─── Extracted information

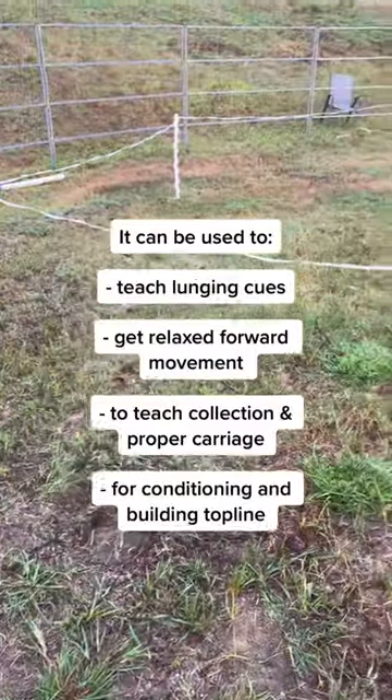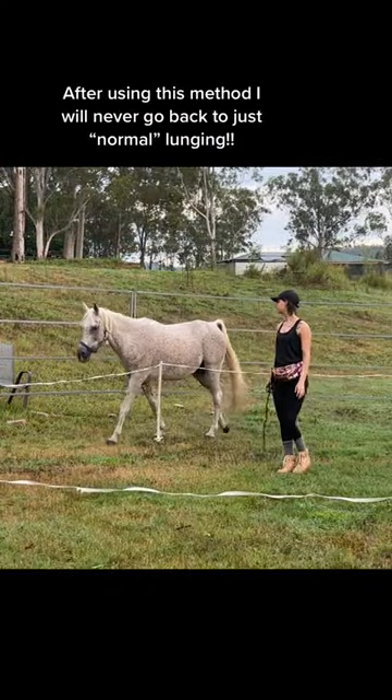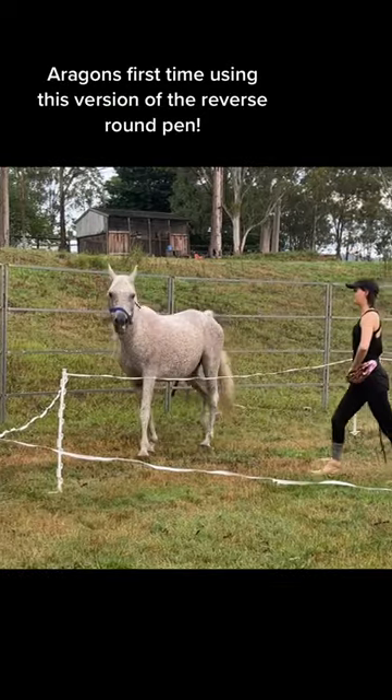It can be used to train so many things. After using this method, I will never go back to just normal lunging.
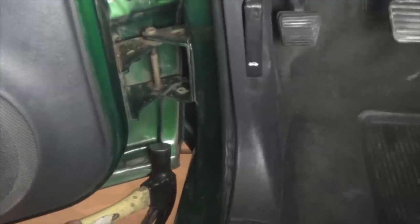Remove the clip on the bottom pin and hammer the pin out. Make sure your assistant is holding the door while you pull the pin out, or your door could end up on the floor.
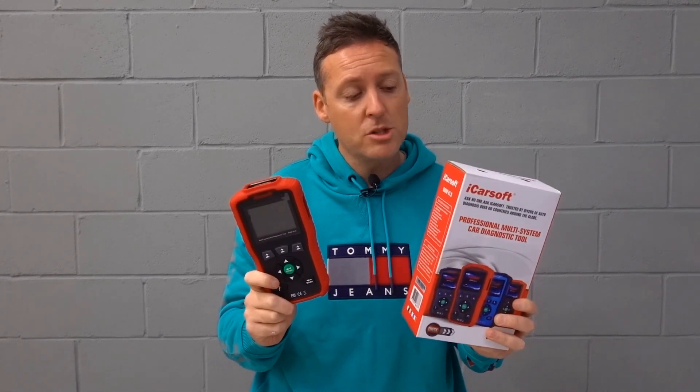In this video we're going to be looking at the iCarSoft BMM version 1.0 kit for BMW and Mini cars, covering the main common questions and everything you need to know before you buy this tool. Let's get into the vehicle and start the review.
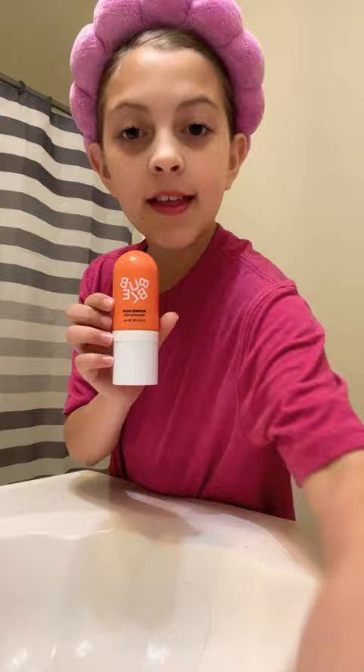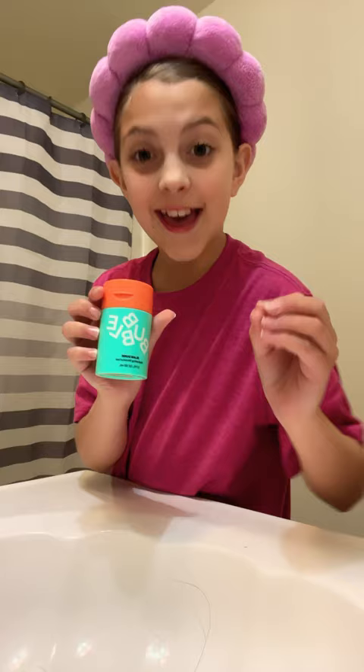Then after I wash my face, I use this Bubble Bounce Back Balancing Mist. Then I use the Bubble Slam Dunk Hydrating Moisturizer. I use this Solar Flare Body Butter — it's all a Jay Gennaro dupe, I don't know if I said that right.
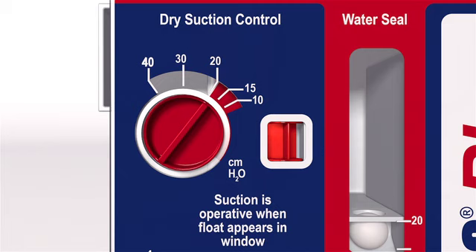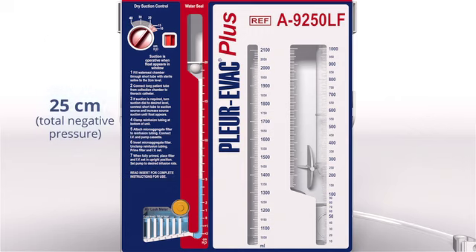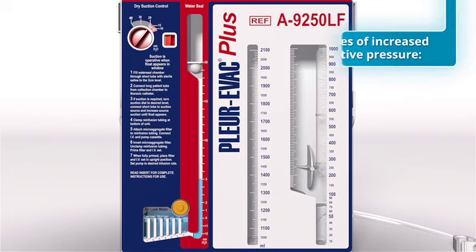Patient negativity can be determined by adding the level of imposed suction to the number corresponding with the water level in the water seal. For example, 20 cm of water dialed in the suction chamber is added to 5 cm of the height of water in the small arm of the water seal chamber. This equals 25 cm of water, or the total amount of negative pressure in the patient's chest cavity.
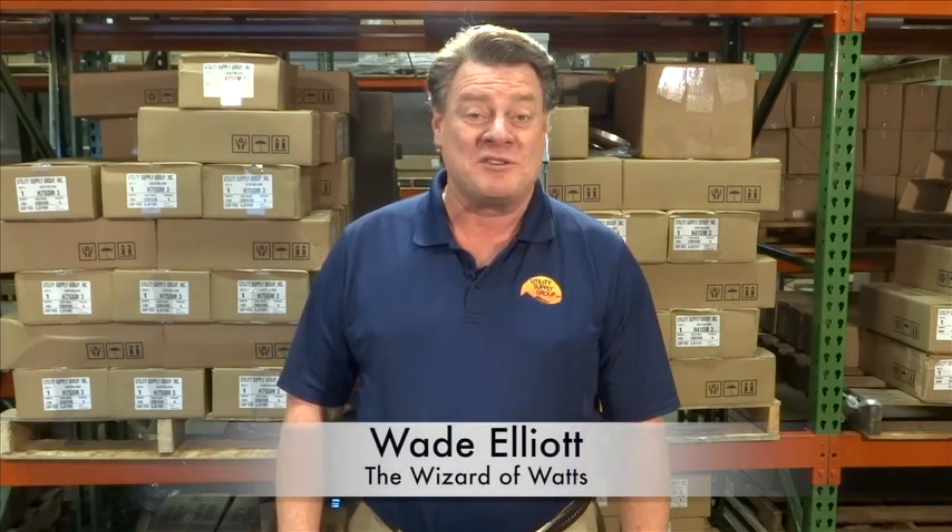Hello, this is Wade Elliott, President of Utility Supply Group. We get questions from time to time on: is 208 volts the same as 240 volt? Is it just a low voltage of 240 volt? The fact is that 208 is not 240 volt.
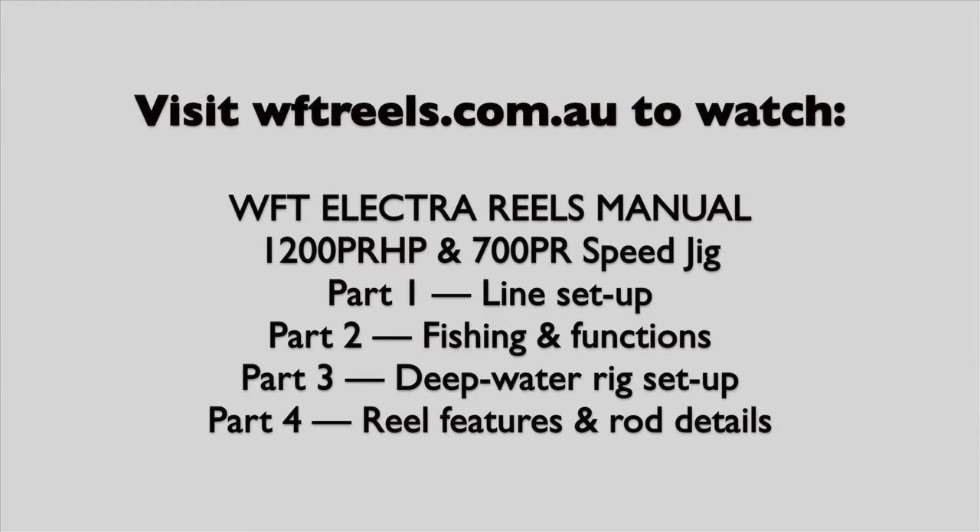To learn more about the functions, features and how to fish with your WFT Electro Reel, please watch the other videos in this four part series at wftreels.com.au.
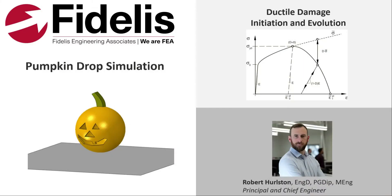Hi everybody, and welcome to another installment of Fidelis Fun Features, where we showcase some of the more advanced features of Abacus in a fun and interesting way. Today, Dr. Rob Hurlson, co-founder and chief engineer of Fidelis, will be utilizing the ductile damage feature to virtually smash a pumpkin on the ground in celebration of All Hallows' Eve. We hope you enjoy and have a safe and happy Halloween.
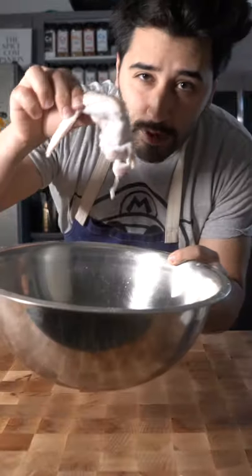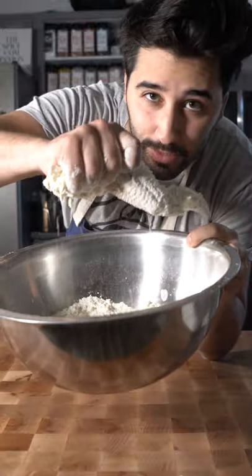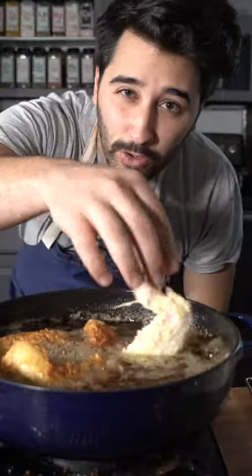Chicken wings into the buttermilk. Wings from the buttermilk into the bowl. Now the secret to get it crunchy is to squeeze it really good. Go ahead and fry them off in canola oil at 350.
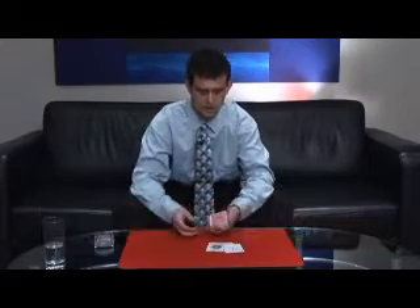I'll show you something neat with the four aces — the first, the second, the third, and the fourth. And what we're going to do is lay them out in a formation on the mat.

──────

— To do —
Your output should be exactly the lines of the records above from the one with "To learn more" through the last, both ends included, with pictures excluded.

— Finished exercise —
To learn more about the functions, features and how to fish with your WFT Electro Reel, please watch the other videos in this four part series at wftreels.com.au.
Hi everybody, and welcome to another installment of Fidelis Fun Features, where we showcase some of the more advanced features of Abacus in a fun and interesting way. Today, Dr. Rob Hurlson, co-founder and chief engineer of Fidelis, will be utilizing the ductile damage feature to virtually smash a pumpkin on the ground in celebration of All Hallows' Eve. We hope you enjoy and have a safe and happy Halloween.
Chicken wings into the buttermilk. Wings from the buttermilk into the bowl. Now the secret to get it crunchy is to squeeze it really good. Go ahead and fry them off in canola oil at 350.
I'll show you something neat with the four aces — the first, the second, the third, and the fourth. And what we're going to do is lay them out in a formation on the mat.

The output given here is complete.